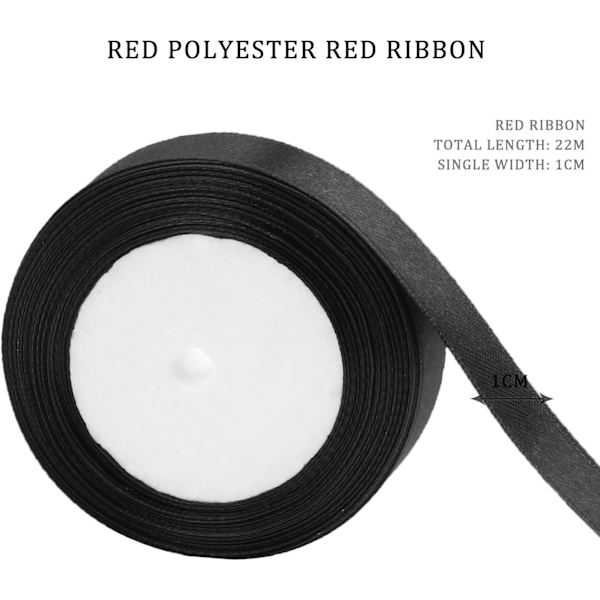 10mm x 22m Dubbelsidig Satängband för Presentinslagning Bröllopsfest Dekoration(Svart) Black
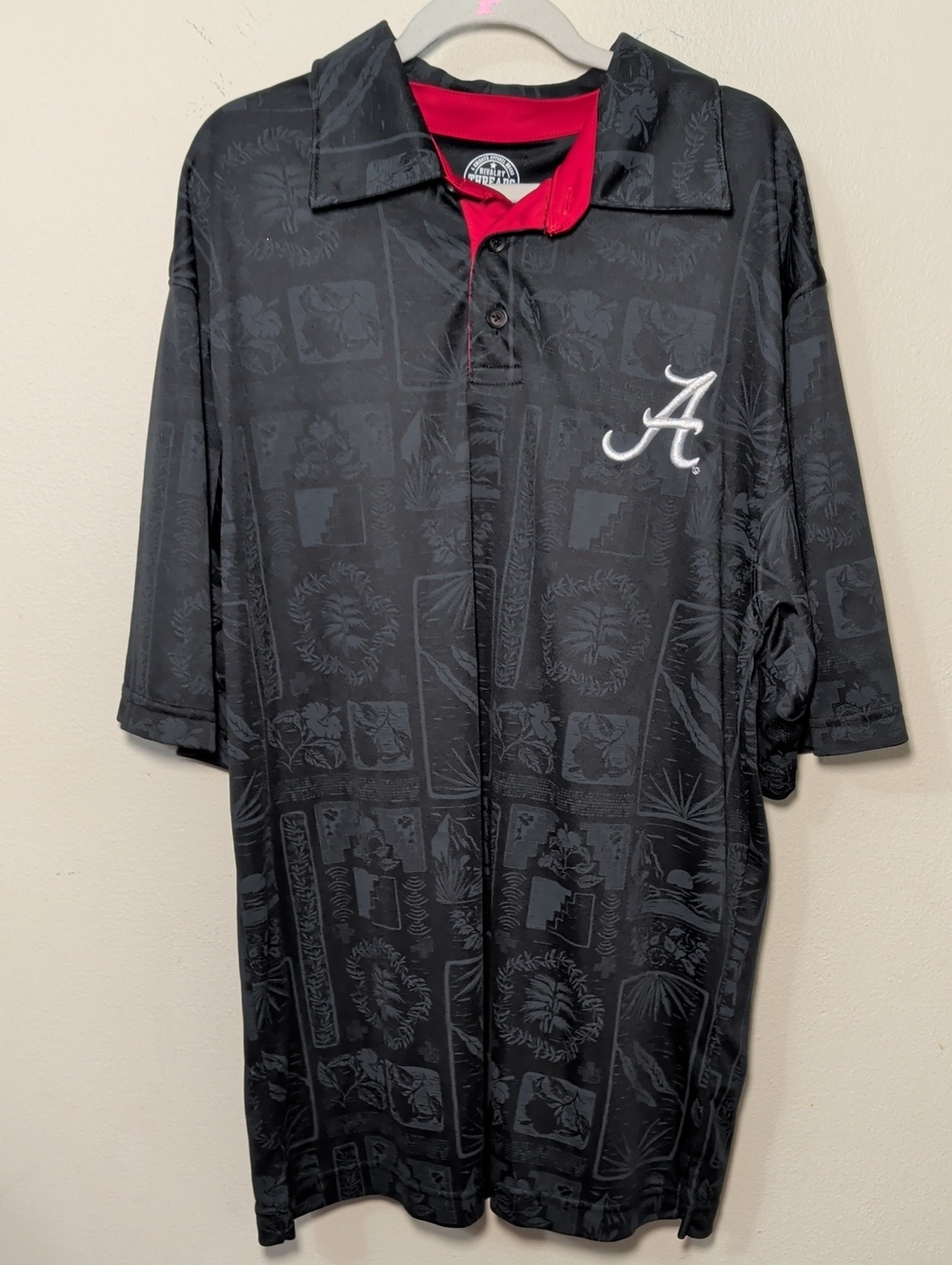 Rivalry Threads University of Alabama Polo Shirt Gray Red Script A Men's Size S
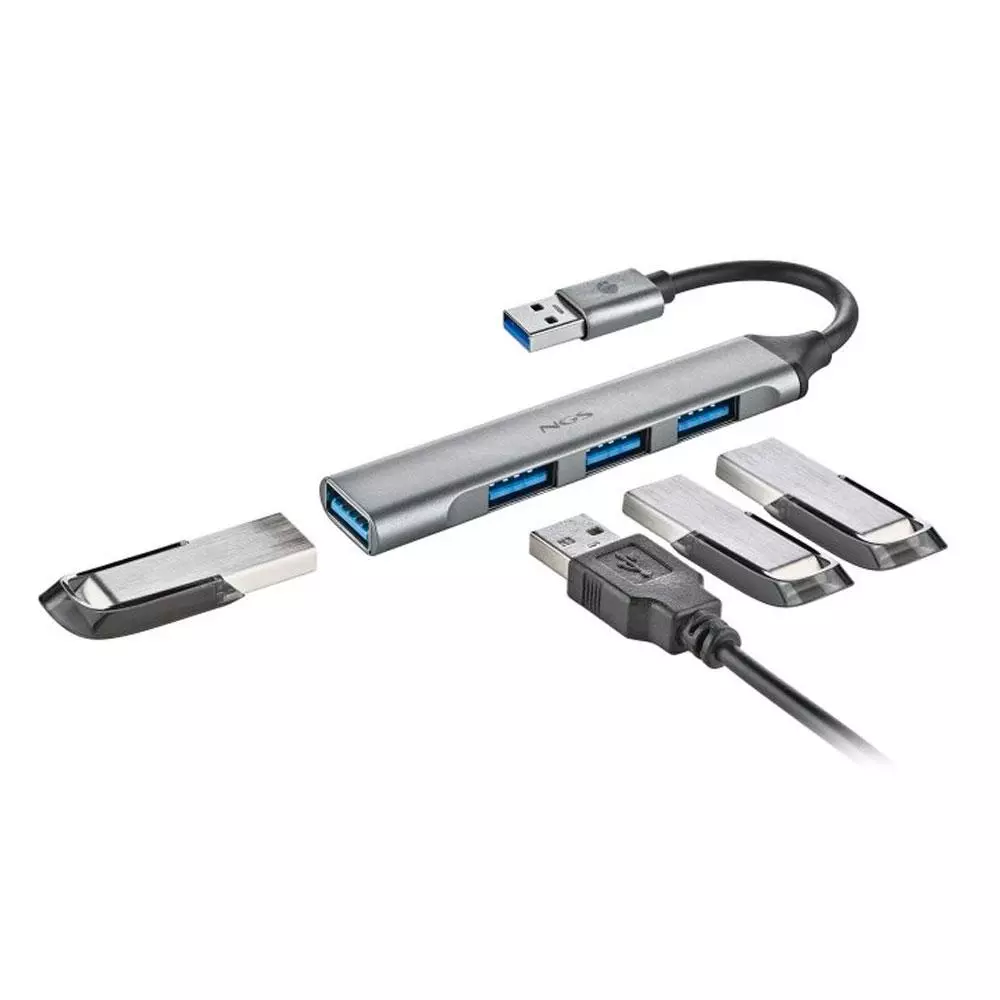&divide; Hub usb ngs ihub4micro un usb 3,2 gen1 y 3 usb3,2 cable 100mm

REQUIRED ACTION:
Pictures are to be omitted. Print exactly the lines from the line containing "Rivalry Threads University" through the final line of the material above, both included.

THE COMPLETED TASK:
 Rivalry Threads University of Alabama Polo Shirt Gray Red Script A Men's Size S
&divide; Hub usb ngs ihub4micro un usb 3,2 gen1 y 3 usb3,2 cable 100mm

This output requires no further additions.